はじっこをちぎって私にくれ、次をちぎって自分の口に入れる。
すると祖母がこう言ったのだ。
「このクリームパン、きっとクリームが入っていないよ」
「えーっ!」
 まさかそんなはずはないと思った。関西で一番大きな製パン会社のクリームパンなのだ。クリームがかたよって入っているに違いないと私は主張したが、祖母の勘がその先を見越していた。

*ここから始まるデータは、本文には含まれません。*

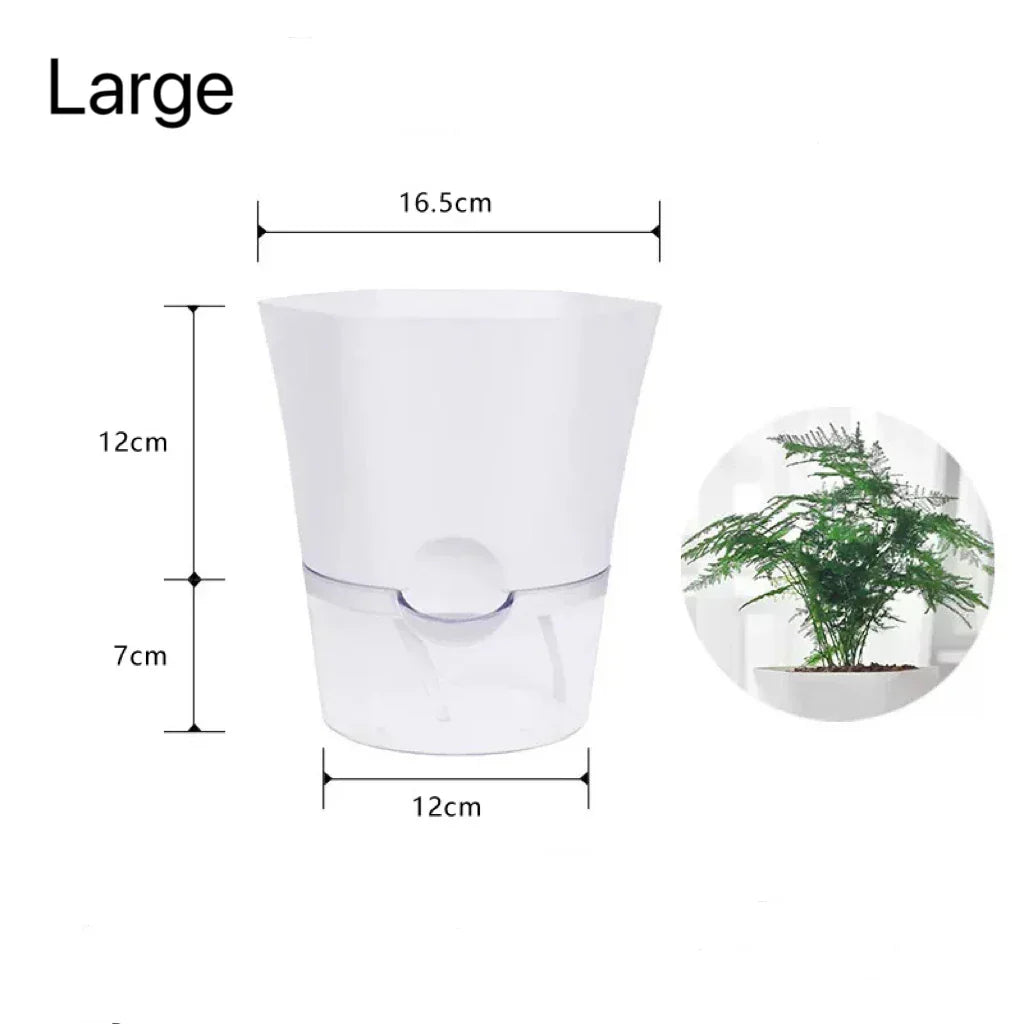 BowLift | Plantilo Self-watering Flower Pot | Transparent | Automatic Water Supply | For Houseplants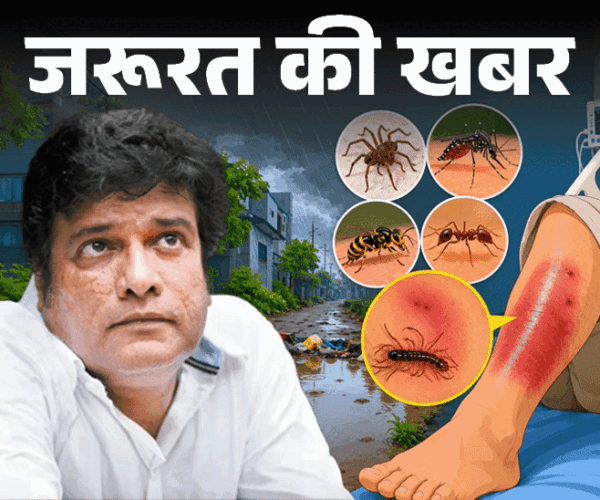 जरूरत की खबर- बॉलीवुड एक्टर को कीड़े ने काटा:  बारिश में कीड़ों से सावधान, ये 8 संकेत इग्नोर न करें, कीड़ों से बचाव के 9 टिप्स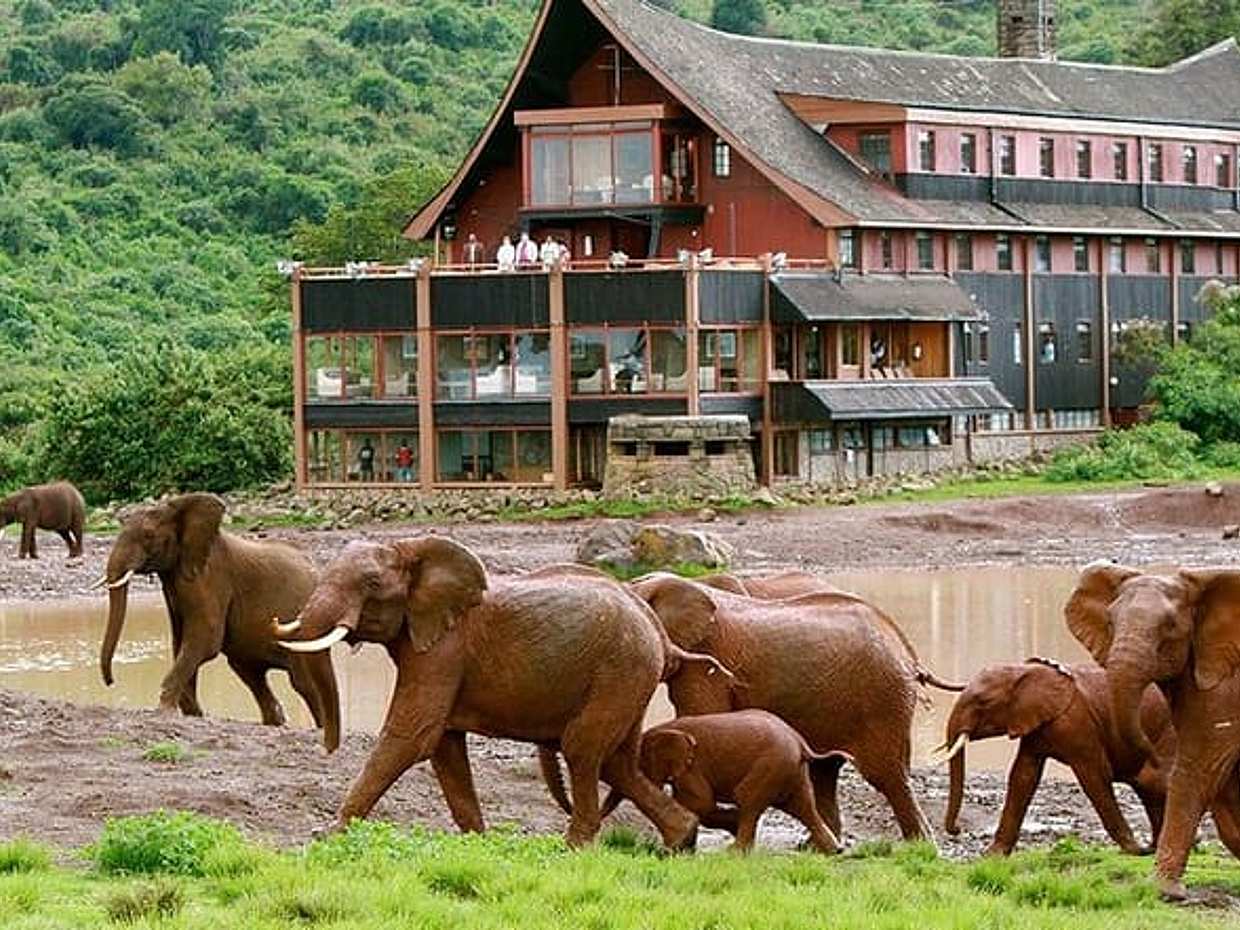 9-Days Best of Kenya's Wildlife Private Safari, photo 2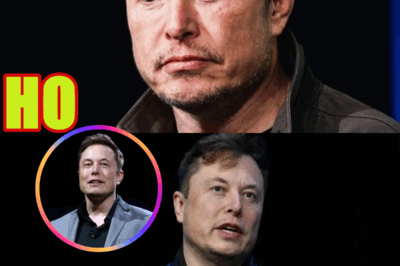 Elon Musk SINKS His Own Company as Catastrophic Tesla Report Unveiled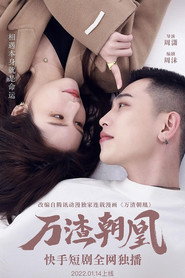 万渣朝凰 封面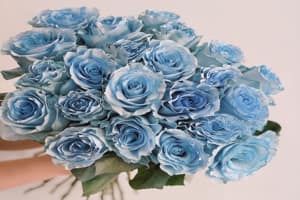 Tử vi ngày 15/7/2023 của 12 con giáp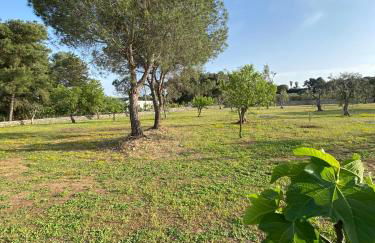 Uliveto Sant' Isidoro - Foto 45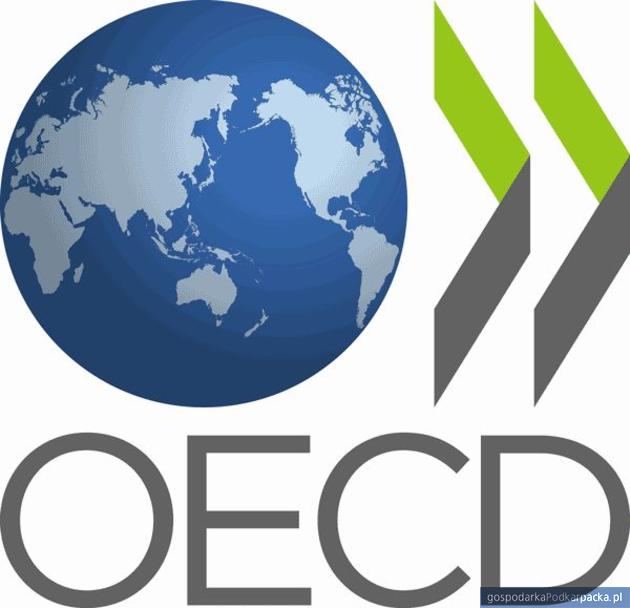 test Raport OECD: Polska gospodarka potrzebuje uproszczenia podatków i przyspieszenia prywatyzacji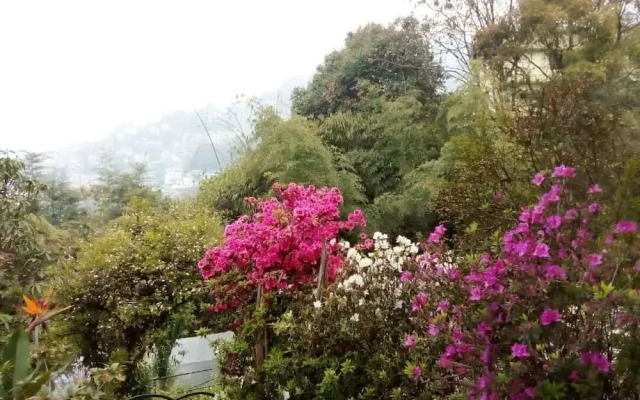 Cherry Guest House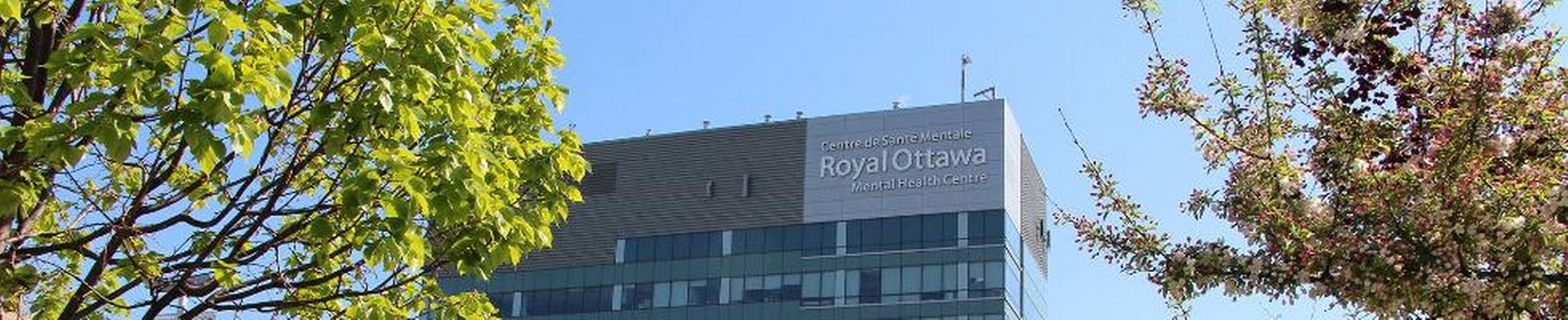 Company banner showing Visual Corporation branding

お祖母さまはその後もパンをちぎっては助川少年にくれたが、
クリームは一向にその姿を見せず、
とうとう最後までクリームは入っていなかった。
文句を言いにいく?と訊く助川少年にお祖母さまは
「食べたあとでクリームが入ってなかったと言ってもね」と笑ったそうだ。


 ここからは私の想像だが、
「クリームの入っていないクリームパンを食べられたのも、ひとつの味わいだったね」
と祖母は伝えたかったのではないか。
笑顔がそう語っていたように思う。

 家庭に恵まれず育ち、結婚も破局に終わった祖母は、クリームの入っていないクリームパンを食べ続けたような人だった。
だが、これはこれで味わい深いのさと、自分に言い聞かせてきたのかもしれない。
もしもそうなら、その姿勢は私が継いでいる。
勝ち負けではなく、味わうために生きている。


味わうために生きている。

いいなぁと思う。
いい言葉だなぁと。
そんなふうに生きてみたい。

人生の困難も、
奥に隠れた味わいを見つけ出し、
受け入れ、
もひとつ頑張って面白がることも出来たら、
けっこう、人生楽しいかもと思う。

クリームの入っていないクリームパンを食べたことを想像してみる。
食いしん坊の自分だけど、
最後のパンをゴクンと呑み込んだ後、きっと笑っちゃうかな。
こんなこと、そうそう無いよ。
逆にラッキーじゃん! って、 多分大騒ぎするな。